The use of sulphur dioxide, or its solid compound potassium metabisulphite, is nearly routine for making wines, but is often thought of as just an antimicrobial agent and an optional one at that. In fact, sulphur dioxide plays a number of roles, some of which are of special interest to mead makers. I have tasted a few great meads that were made without sulphites, but I have tasted many more that would have benefited from its use. Is your honey aroma less than you hoped for? Is there a lingering harsh aftertaste? These are common problems that can be solved with the disciplined use of sulphur dioxide.
To those who are not chemists, I apologize for casually mixing up the words sulphur dioxide, which is a gas that can dissolve in water, with metabisulphite and sulphite, which are a family of solid compounds formed from sulphur dioxide (note that these solid compound names end in -ITE, not -ATE or -IDE). When speaking generally, these words are often used as equivalent as the compounds inter-convert to one another once dissolved, but the differences matter when calculating additions. I avoid the use of “ppm” below as the number is the same in mg/L, which makes calculating your additions clearer.

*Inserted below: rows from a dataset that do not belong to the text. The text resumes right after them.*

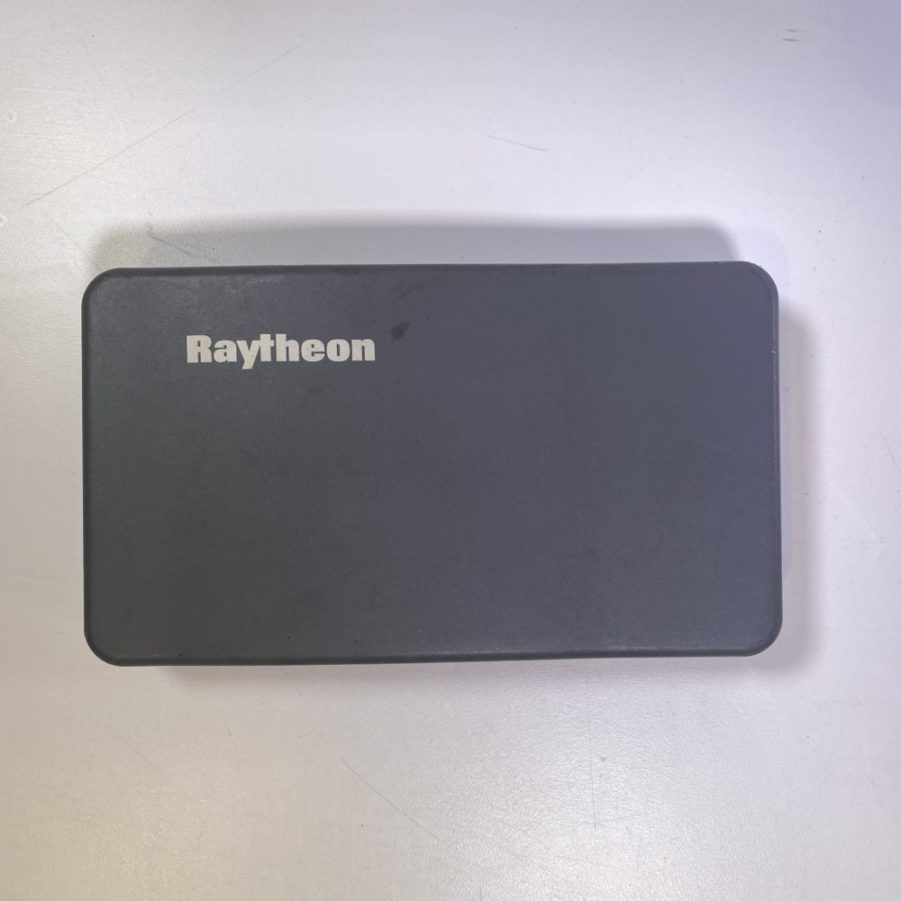 Raytheon Raymarine E35008 Sun Cover Protector RN300 RayNav 300 RC320 Raychart 320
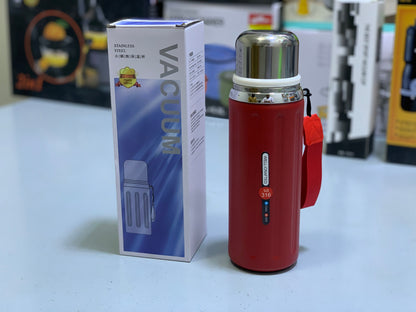 Stainless Steel Water bottle 800ml Hot and Cool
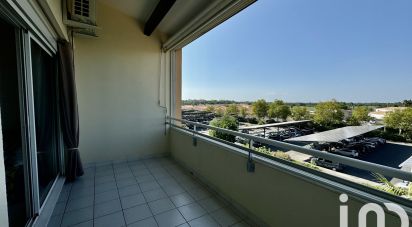 Apartment 3 rooms of 62 m² in Agde (34300)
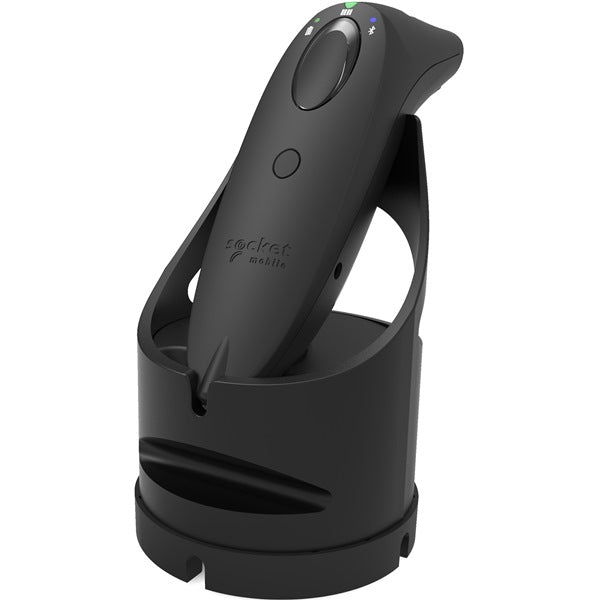 SOCKET SCANNER S740 BT 2D BLACK + CHARGING DOCK SOCKET SCANNER S740 BT 2D BLACK + CHARGING DOCK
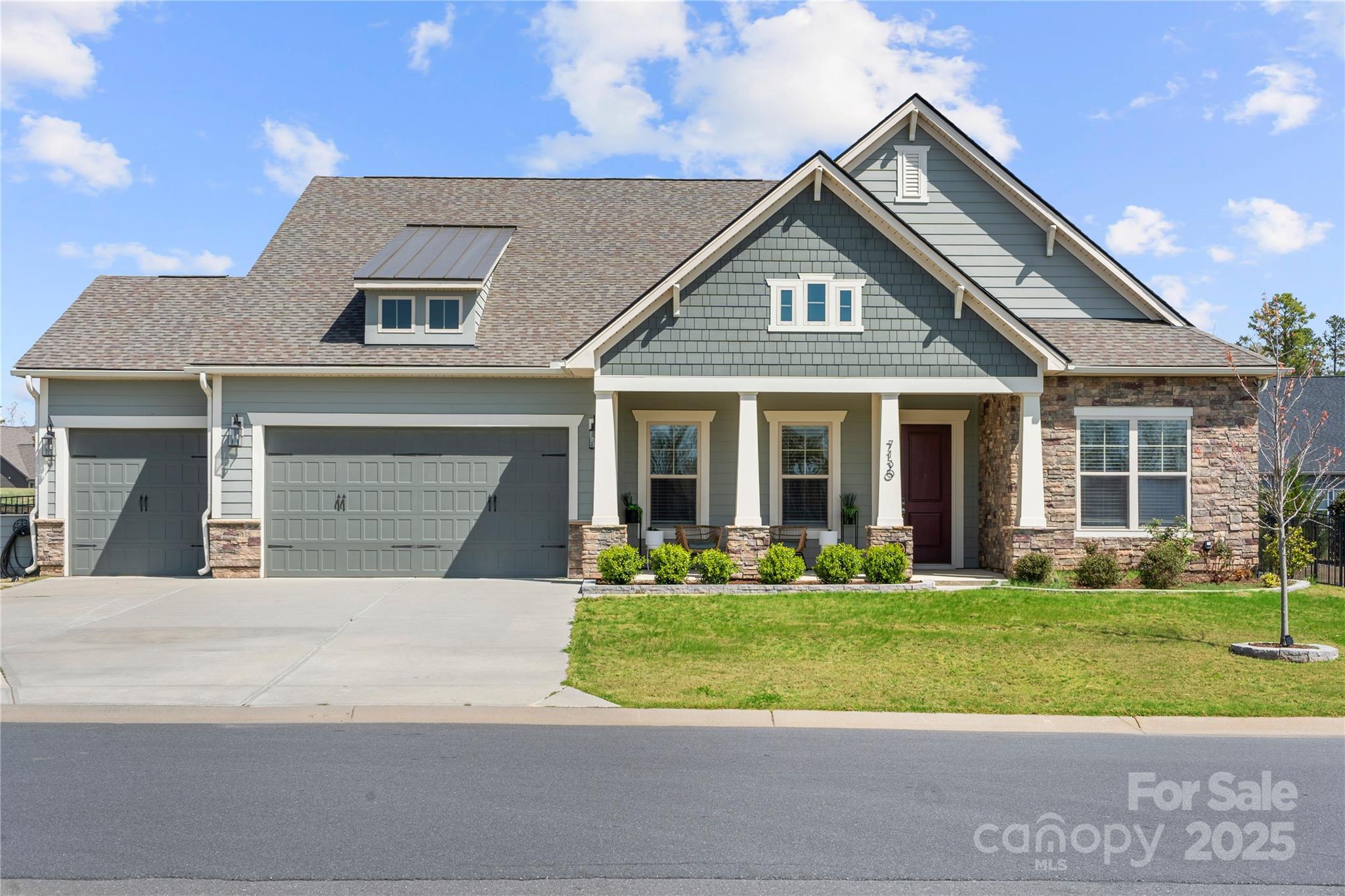 7130 Irongate Drive Property Photo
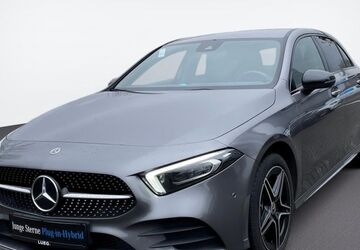 Mercedes-Benz A 250 43.313 km 25.900 &euro; Zwickau 08058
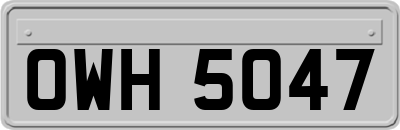 OWH5047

The uses of sulphur dioxide
The range of food packaging problems solved with sulphur dioxide is astonishing. If someone tried to sell you a drug that cured as many conditions, you would think they’re a fraud. Sulphur dioxide (SO2) has been used in wine making since Roman times, originally produced by burning sulphur inside casks before filling. Today this compound is used with a wide range of foods as it:
- prevents oxidation by combining with free oxygen (SO2 + ½O2 + H2O = H2SO4)
- remedies oxidation by combining with aldehydes to eliminate harsh taste
- maintains colour and flavour by combining with aldehydes to suppress Maillard reactions during fermentation and aging
- maintains balance and colour by inhibiting enzymatic browning (like a cut apple) and enzymatic oxidation of tannins
- inhibits growth of most bacteria of concern
- inhibits growth of most wild yeast since after 2000 years of exposure, domestic brewing yeast have essentially been selected for SO2 tolerance.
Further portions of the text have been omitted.